The trial judge noted that after the fire there were discussions among the three employees (Fiander, Paddock and During) about the necessity of advising Co-op of the existence of the Subscription Policy.

 

The trial judge found:

Angela Paddock's evidence was "I understood Co-op was first and that two insurance companies will not pay", "Co-op was still in place" ... I accept the evidence of Nancy During that she "thought" the "blanket insurance" was not needed because the Co-op coverage was still in place in spite of the fact she knew of the overlapping coverage.

 

 

Nancy During also testified:

 

We thought we were lucky that we had placed insurance on it just in case, you know, the other insurance had lapsed . . . and the property would have been unprotected. [emphasis added]

 

 

Justice Haliburton continued:

 

The reasonable inference is simply that they followed corporate policy to obtain coverage under the Subscription Policy as "backstop" insurance only. There is some suggestion that they may have believed that the subscription insurers were liable only at 12:01 a.m. on September 20, although careful reading of the policy makes it clear that the coverage went into effect "immediately". [emphasis added]

 

 

 


The trial judge accepted the evidence of the CT employees that no one of them had any "actual knowledge of or access to the specific terms of either policy",  but went on to say that "certain provisions of the policy supported the view that the Subscription Policy was effective only after the effective cancellation of the Co-op policy".

 

Angela Paddock testified that on the morning of September 18 she forwarded by e-mail a request to Marsh & McLennan for coverage to start September 18. She, as well as her fellow employees, assumed that coverage for the property under the Subscription Policy would be in place as soon as her request was received.

 

Marsh & McLennan's e-mail response was not sent until Monday, September 21. It disclosed in part :

This is to certify that insurance has been effected as shown below...

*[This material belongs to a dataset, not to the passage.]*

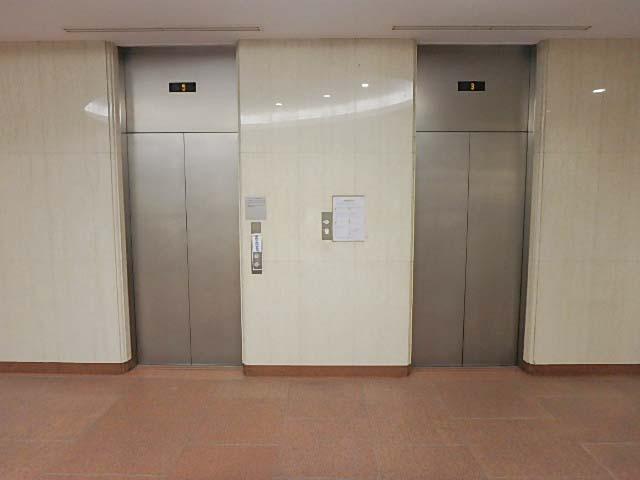 ホール③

This certificate of insurance neither affirmatively nor negatively extends or alters the coverage afforded by the policy scheduled herein. It is furnished as a matter of information only, and is issued with the understanding that the rights and liabilities of the parties will be governed by the original policy or policies that may be lawfully amended from time to time...

 

Policy Number MMF/1023

Amount of coverage requested - $150,000

Start Date               1992-09-18

Expiry Date            1993-01-31

Premium                 $268.28           . . .

 

This certificate . . . is subject to all the terms and conditions of the above policy as it now exists or may hereafter be amended.

 

 

 


 

This wording makes it clear, in my opinion, that the coverage is determined by the provisions of Subscription Policy MMF/1023, and is not extended or affected by the words of the certificate.

 

The trial exhibits disclose that Subscription Policy MMF/1023 was, in fact, in force from April 30, 1992 to April 30, 1993. A"deposit premium" of $50,000 was charged to CT at inception. This was a provisional charge and was subject to quarterly premium adjustments on receipt of advice concerning the insurable value of those properties on which coverage was existing, or requested, during the course of the policy period, based on specific policy rates.

 

The Subscription Policy provides under Section A - General Insurance Agreements - that coverage shall:

...attach effective the date requested by the Named Insured, which date will be either the date of possession of the security by the Insured or the date the Insured becomes aware that the property is inadequately insured or uninsured and legal action to obtain the security has been initiated.  [emphasis added]

 


The provisions of Section A were not specifically responsive to the request for coverage. CT had not, as of September 18, obtained possession of the property. Ms. Paddock could have requested the Subscription Policy to cover as of the time the cancellation notice became effective, but with an abundance of caution, she understandably requested coverage as of September 18.

 

Ms. Paddock was aware on September 18 that the property would become uninsured when Co-p's cancellation notice took effect.  Put another way, she was not aware the property was, in fact, uninsured until Co-op's cancellation took effect.  It was at that point in time that the coverage attached.

 

This interpretation is supported by the description of Property Insured found in Section B - Property Damage, Clause 1, of the Subscription Policy which reads as follows:

The Interest of the Insured only in Property of Every Description as reported by the Insured, except as excluded specifically elsewhere in this Policy on which the Insured holds a Mortgage or Foreclosed Properties prior to title being obtained by the Insured, and where there is no other insurance or inadequate insurance on the property or evidence of insurance has not been provided. [emphasis added]

 

 

The interest of CT in property under the Subscription Policy is only insured on property on which there is no other insurance. That arose at 12:01 a.m. on September 20 when the Co-op cancellation became effective.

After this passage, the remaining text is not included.